Q. Monsieur le président, vous aviez énoncé, lors de votre nomination, quatre grands objectifs qui nécessitaient un « changement de culture » (c’est votre expression) : une plus grande transparence, un meilleur service à la clientèle, une croissance des activités et une amélioration de la productivité. Y a-t-il eu des progrès quantifiables depuis 2015 dans chacun de ces quatre objectifs ?

R. Absolument ! Les priorités que vous mentionnez sont en fait les quatre grands objectifs que nous avons campés dans notre plan stratégique 2016-2020, qui sont de doubler nos revenus d’ici 15 ans, devenir une référence en matière de service à la clientèle, contribuer au développement économique puis à la transition énergétique du Québec et enfin, limiter les hausses tarifaires à un niveau inférieur ou égal à l’inflation.

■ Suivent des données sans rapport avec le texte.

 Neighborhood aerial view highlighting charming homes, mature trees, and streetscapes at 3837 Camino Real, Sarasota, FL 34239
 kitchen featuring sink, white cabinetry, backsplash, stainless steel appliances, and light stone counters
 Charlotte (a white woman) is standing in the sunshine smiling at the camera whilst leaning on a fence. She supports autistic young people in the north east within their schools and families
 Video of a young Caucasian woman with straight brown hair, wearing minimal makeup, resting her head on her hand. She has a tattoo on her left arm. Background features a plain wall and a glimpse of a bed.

« Il y a bien sûr la Romaine qui va se poursuivre jusqu’en 2020. Le projet avance bien. Il est réalisé dans les budgets et dans certains cas, plusieurs mois en deçà des échéanciers prévus »

Les actions prises ont déjà permis d’obtenir des résultats bien tangibles. Nous avons rapidement constaté que la satisfaction de la population envers Hydro-Québec s’est améliorée de façon considérable au cours de la dernière année. Ces résultats étaient de 82 % en 2015 alors que les six derniers mois ont été à plus de 90 %.

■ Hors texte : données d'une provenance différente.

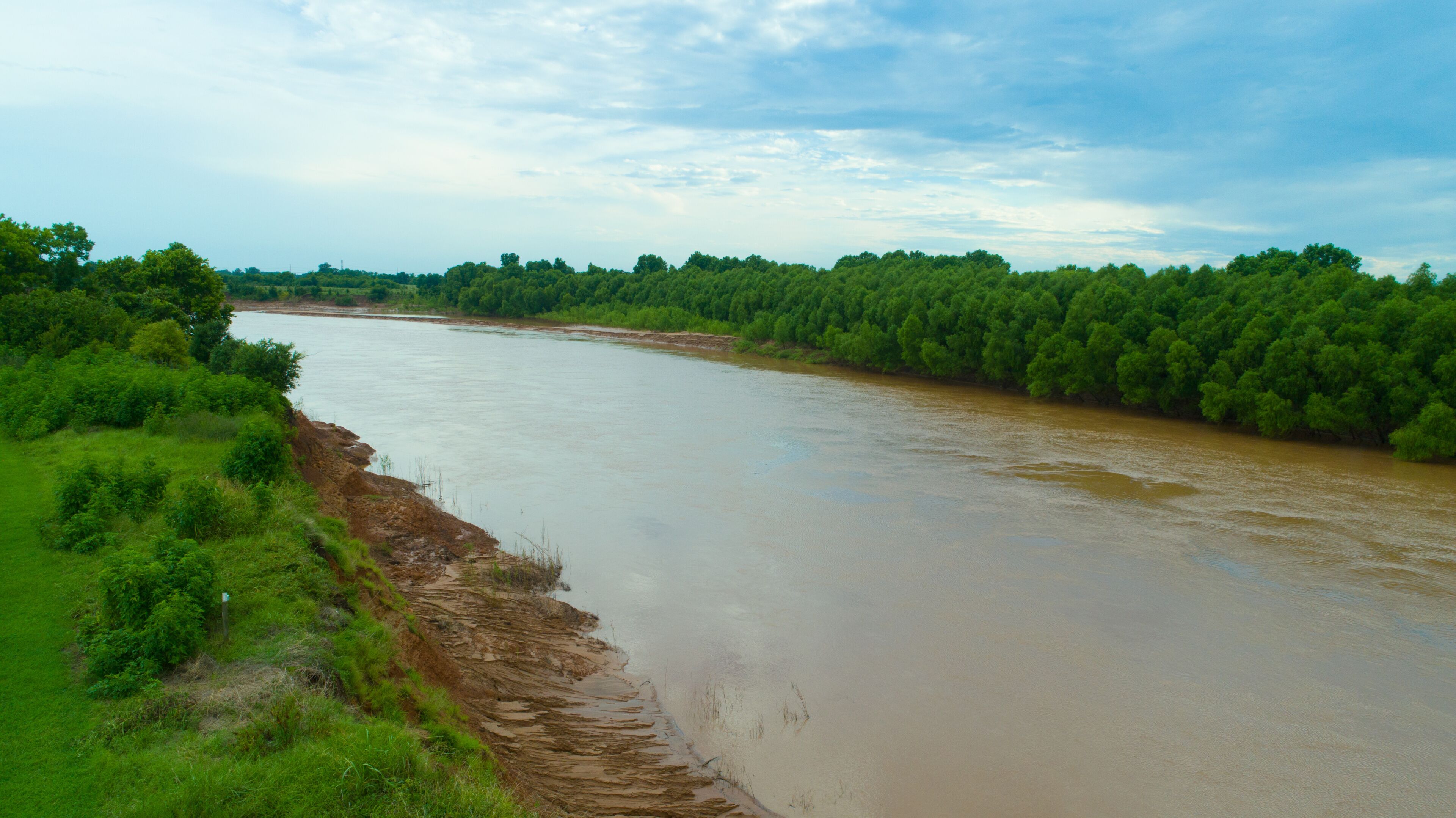 A river flowing through a green landscape with dense trees on both sides.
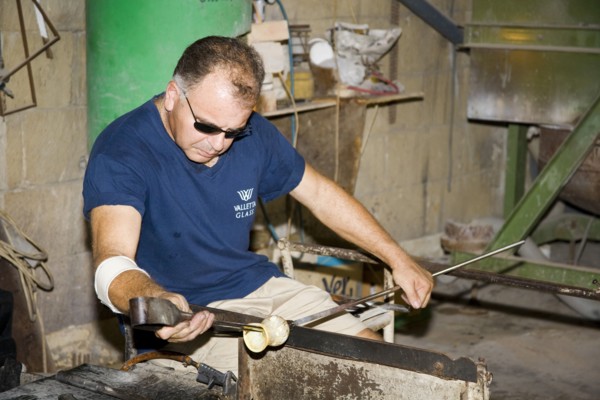 MALTA, Valletta Glass factory, Ta Qali Craft Village, Glass blower manufacturing a glass ornament.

Parmi les mesures que nous avons mises en place en ce qui a trait au service à la clientèle, nous retrouvons l’ouverture de nos centres d’appels de soir et de week-end. Pour la première fois cette année, nous avons été ouverts le 1er juillet, une date très importante pour les aménagements et déménagements. Tous ces changements ont été faits en collaboration avec nos employés, mais à un coût nul.

Nous avons fait une refonte complète de notre site Web, afin de mieux y accueillir nos clients. Nous avons élaboré des nouveaux services qu’on appelle « les libre-services » sur le Web et le mobile. Ces «libre-services » permettent aux clients une plus grande autonomie.

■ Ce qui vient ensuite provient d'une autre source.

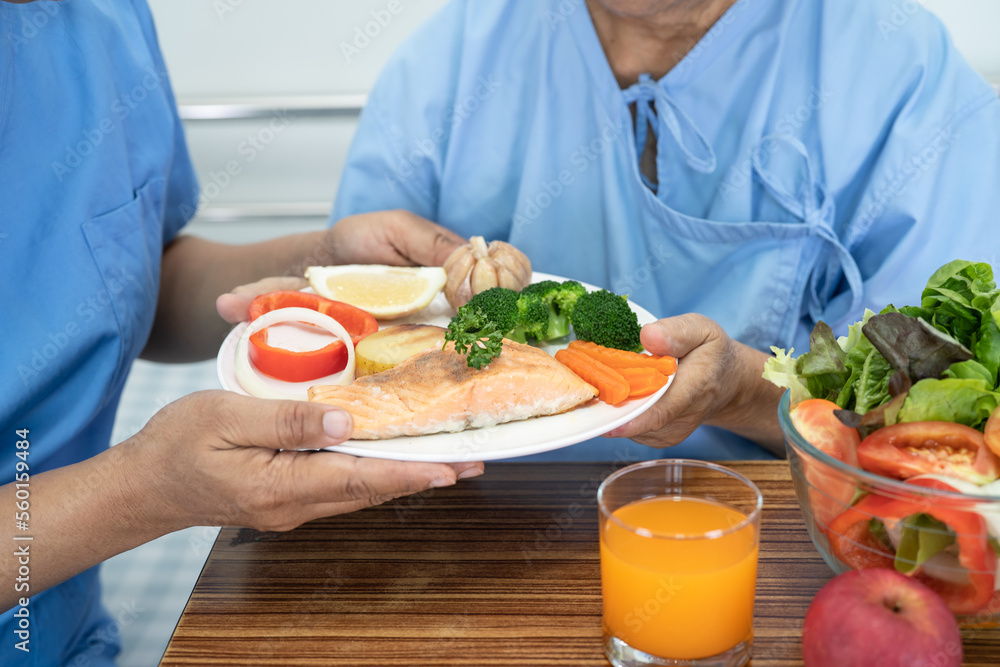 Asian senior or elderly old lady woman patient eating Salmon steak breakfast with vegetable healthy food while sitting and hungry on bed in hospital. Asian senior or elderly old lady woman patient eating Salmon steak breakfast with vegetable healthy food while sitting and hungry on bed in hospital.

Nous avons également revu les processus de raccordements multiples, c’est-à-dire qui impliquent plusieurs intervenants, comme des maîtres électriciens.

Nous avons aussi respecté notre engagement de limiter les hausses tarifaires à l’inflation ou en deçà. Hydro-Québec a soumis à l’approbation de la Régie de l’énergie une demande visant une modification tarifaire de 1,6 % à compter du 1er avril 2017. Rappelons que la décision de la Régie pour 2016 s’était finalement établie à 0,7%.

« La première stratégie pour rencontrer l’objectif de doubler les revenus d’HQ est la croissance des exportations. »

Q. Et qu’en est-il de l’objectif de doubler les revenus d’Hydro-Québec  ?

R. La première stratégie pour rencontrer cet objectif est la croissance des exportations. Nous avons signé le plus important contrat d’échange d’énergie avec l’Ontario en septembre dernier, un contrat qui tire profit de la complémentarité des deux marchés – l’Ontario connaît sa plus forte demande en été tandis qu’au Québec, c’est en hiver – pour optimiser la production d’électricité et réduire les gaz à effet de serre.

Au cours des dernières années, la répartition des ventes dans les différents marchés est assez stable : la moitié en Nouvelle-Angleterre, 25 % dans l’État de New York et le reste réparti entre l’Ontario et d’autres marchés.

La transition vers des sources d’énergie moins émettrices de gaz à effet de serre crée d’intéressantes occasions d’affaires pour Hydro-Québec.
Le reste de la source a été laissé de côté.